Problem description
The lines to repeat are those below from the one containing "E-Posta Pazarlaması Neden" down to the one containing "LEUPOLD VX-5HD 2-10X42", both included; reproduce them exactly and nothing else.

Data listing

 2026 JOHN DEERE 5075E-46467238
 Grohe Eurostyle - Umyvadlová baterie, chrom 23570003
...
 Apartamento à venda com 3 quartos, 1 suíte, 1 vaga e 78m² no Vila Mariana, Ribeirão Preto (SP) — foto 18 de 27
...
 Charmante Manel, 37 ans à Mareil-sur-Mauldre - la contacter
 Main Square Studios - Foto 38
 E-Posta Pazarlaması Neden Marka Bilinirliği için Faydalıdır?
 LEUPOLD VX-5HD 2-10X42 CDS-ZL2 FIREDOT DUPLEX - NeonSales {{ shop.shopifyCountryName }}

Solution below
 E-Posta Pazarlaması Neden Marka Bilinirliği için Faydalıdır?
 LEUPOLD VX-5HD 2-10X42 CDS-ZL2 FIREDOT DUPLEX - NeonSales {{ shop.shopifyCountryName }}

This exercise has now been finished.